Non-prescription medicine is also often abused as some of it is addictive (like cough syrup) or even useless, working as a placebo effect. French Institut National de la Consommation proved that most non-prescription cough medicine is useless, some even harmful. They also stated patients and users should look out for certain substances often used in cough medicines that many people are allergic to, such as propylparaben, alcohol and certain colourings.

However we have to look on other side too – some medicines work too strongly, leaving patients and users with terrible long-lasting side effects such as nausea, rashes, intense headaches, irritable bowel syndrome, stomach irritation, allergies and more. Some elederly people are prescribed too much medicine which affect them terribly. Such is the case of an elderly lady from Slovenia, who was prescribed heart medicine along with other 6 pills to take daily. After more than 5 years she switched her doctor. The new young doctor expressed her surprise at the heart medicine, asking her why was she taking them if there was nothing wrong with her heart. A month after she stopped taking them, her chest felt lighter and her general well-being improved.

What about dietary supplements? People love them and they promise us better skin, vision, anti-aging effects, lower risk of heart diseases and more. Multivitamins are the most commonly used supplements in the world. All dietary specialists, doctors and nutritionists agree supplements do not compensate for poor eating habits. Most widely used supplements are multivitamins which claim to contain a rich variety of vitmains and minerals.
They come in the form of tablets, capsules, powders, liquids and chewable gummies. The global dietary supplements industry is worth an estimated $133 billion. With so many people taking vitamins, you figure those little capsules are doing something good for you, right?
Multiple studies and medical experts say… no, they really don’t.

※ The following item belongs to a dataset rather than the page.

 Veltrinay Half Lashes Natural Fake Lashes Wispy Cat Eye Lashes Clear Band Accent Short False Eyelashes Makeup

If you’re already eating a well-balanced diet, vitamins, nutritional supplements and minerals don’t provide you much – if any – additional health benefits. If you’re not eating a well-balanced diet, adjusting what you eat should be the first course of action rather than taking a multivitamin. Vitamins themselves are essential to our bodies and contribute to growth, digestion, nerve function and a whole host of other things. The important distinction is how you’re getting those vitamins. Our diet should be what’s supplying all of the nutrients that our body needs and we need to be eating a variety of foods because there is no one major miracle food that supplies absolutely everything.

Some supplements might say they provide 400 percent of your daily vitamin C, leading you to think you’re getting four times the nutritional boost each day. But that’s not true. Your body hits tissue saturation at some point.

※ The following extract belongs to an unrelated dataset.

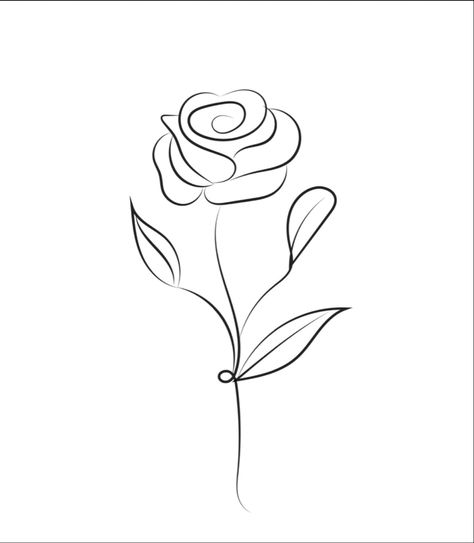 Roses Simple Drawing, Simple Rose Line Drawing, Black And White Rose Drawing, Roses Sketch Drawing, Rose Doodle Simple, Flower Line Art Simple, Simple Rose Tattoo Design, Priceless Tattoo, Rose Simple Drawing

Supplement companies often market their vitamins as being nutritionally complete, but if you really take a look at the labels, many times they’re not even close. And, no, the Food and Drug Administration doesn’t review dietary supplements for their safety or effectiveness, nor does it approve claims about these supplements’ purported health benefits.

Let’s take a look at horrific case of John Coolidge, aged 55, from Tennessee. He started taking a supplement called Total Body Formula with hopes of improving his overall health. After some time he was suddenly hit with one symptom after another: joint pain, diarrhea, hair loss, lung problems and toenails and fingernails simply falling off. Hundrets of people reported similar reactions to the supplement and finally FDA looked into it.

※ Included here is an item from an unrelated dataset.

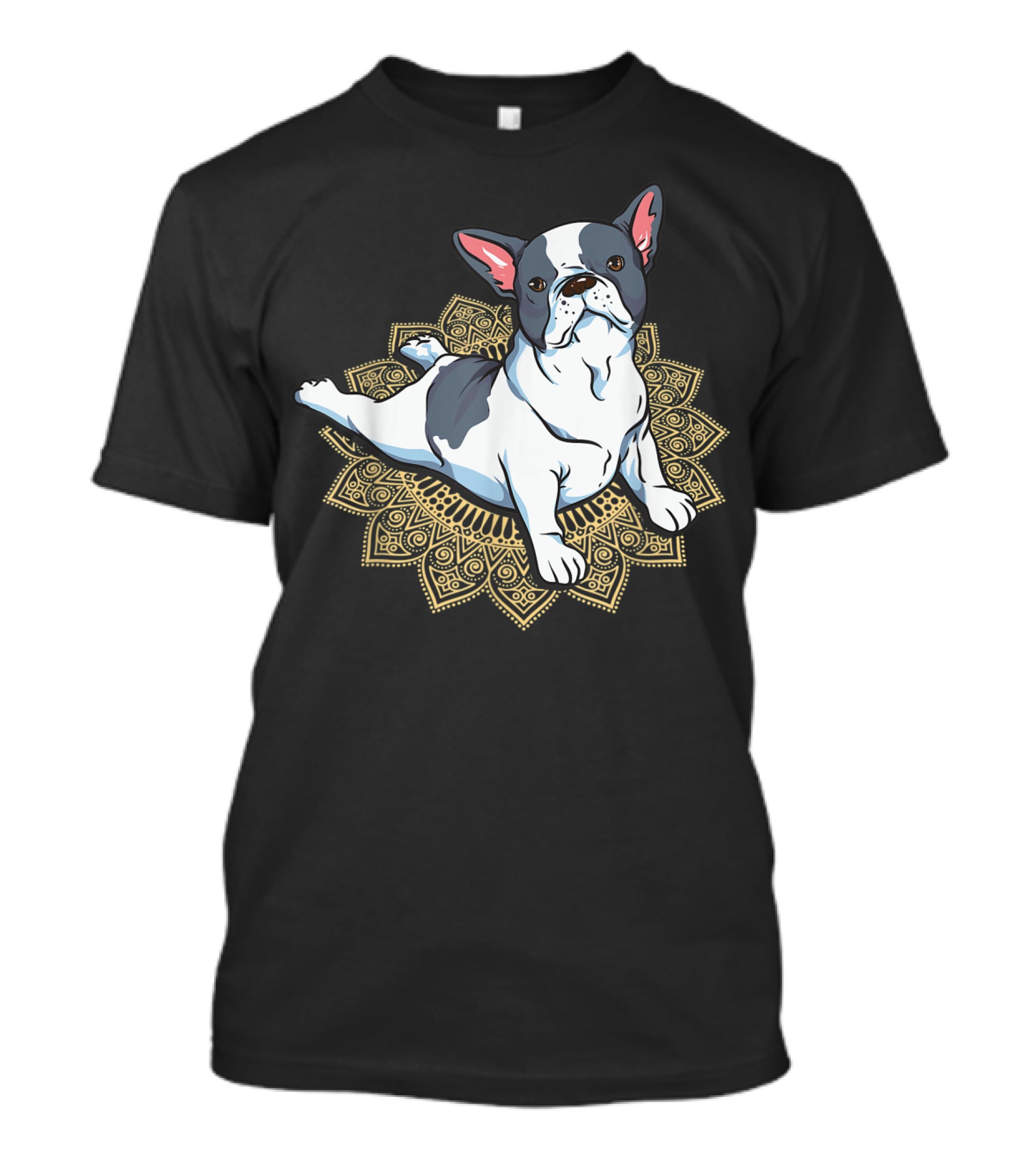French Bulldog Yoga Frenchie Namaste Spiritual Mandala Pose T-Shirt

They inspected the manufacturer’s facilities and tested the contents of the supplement. Shockingly, most of the samples contained more than 200 times the labeled amount of selenium and up to 17 times the recommended intake of chromium! The nails and hair of unfortunate Mr. Coolidge have grown back but he still suffers from serious breathing problems.

That doesn’t mean all supplements are bad and detrimental but it does show it’s hard to trust institutions like FDA, who should have tested the product before approving it fort he market. They eventually did that but the damage to the consumers was already done.